The new release schedule for November and December looks like the usual fourth-quarter crap-a-thon of Christmas albums and greatest ‘hits’ collections. In essence, albums for people that like music but don’t love music. It may be awhile before the Craven Hermit has any new albums to ‘big up’, so in the meantime here is a pair of very worthy bonus releases that slipped through the cracks in September.
Jonny Greenwood, lead guitarist for Radiohead, has built a healthy cottage industry of composing motion picture soundtracks. He has teamed up once again with director Paul Thomas Anderson to write the music for new film The Master. This is the movie that professes to NOT be about L. Ron Hubbard and Scientology (yes, and George Orwell’s Animal Farm was NOT about Communism). Greenwood is a master at writing off-kilter, moody pieces of music that seem claustrophobic and dischordant yet still manage to add tension and context to the moving pictures on screen. If you liked his spooked, minimalist work in the film There Will Be Blood, you should also enjoy this new project.

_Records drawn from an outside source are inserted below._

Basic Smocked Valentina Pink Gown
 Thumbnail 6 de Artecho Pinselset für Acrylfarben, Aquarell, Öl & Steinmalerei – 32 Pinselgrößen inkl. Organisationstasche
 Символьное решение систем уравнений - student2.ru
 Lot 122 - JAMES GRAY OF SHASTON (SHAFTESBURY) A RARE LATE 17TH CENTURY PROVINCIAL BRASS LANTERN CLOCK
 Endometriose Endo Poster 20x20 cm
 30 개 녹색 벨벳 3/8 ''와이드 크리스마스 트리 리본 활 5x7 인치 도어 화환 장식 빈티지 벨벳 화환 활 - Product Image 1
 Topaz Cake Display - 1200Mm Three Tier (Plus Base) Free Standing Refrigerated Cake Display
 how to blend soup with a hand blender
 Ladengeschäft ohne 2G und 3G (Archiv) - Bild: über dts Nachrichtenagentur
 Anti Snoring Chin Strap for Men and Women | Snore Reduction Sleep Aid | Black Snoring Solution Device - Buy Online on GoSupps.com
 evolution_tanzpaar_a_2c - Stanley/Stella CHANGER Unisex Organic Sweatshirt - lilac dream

R.E.M.’s fifth record was their last for record company IRS, and its success was perfectly timed. Document broke the Athens, Georgia band wide open, promoting the college indie stars to the upper echelon of worldwide superstars. Singles like “It’s The End Of The World As We Know It” and anti-love song “The One I Love” still feature prominently on alternative rock radio today. Deeper cuts, like “Exhuming McCarthy” and “Disturbance at the Heron House” showed that their mainstream breakthrough didn’t come at the cost of the band’s collective conscience. This newly released 25th anniversary edition includes a remastered edition of the original album, plus a cracking & snarling live disc from their 1987 European tour.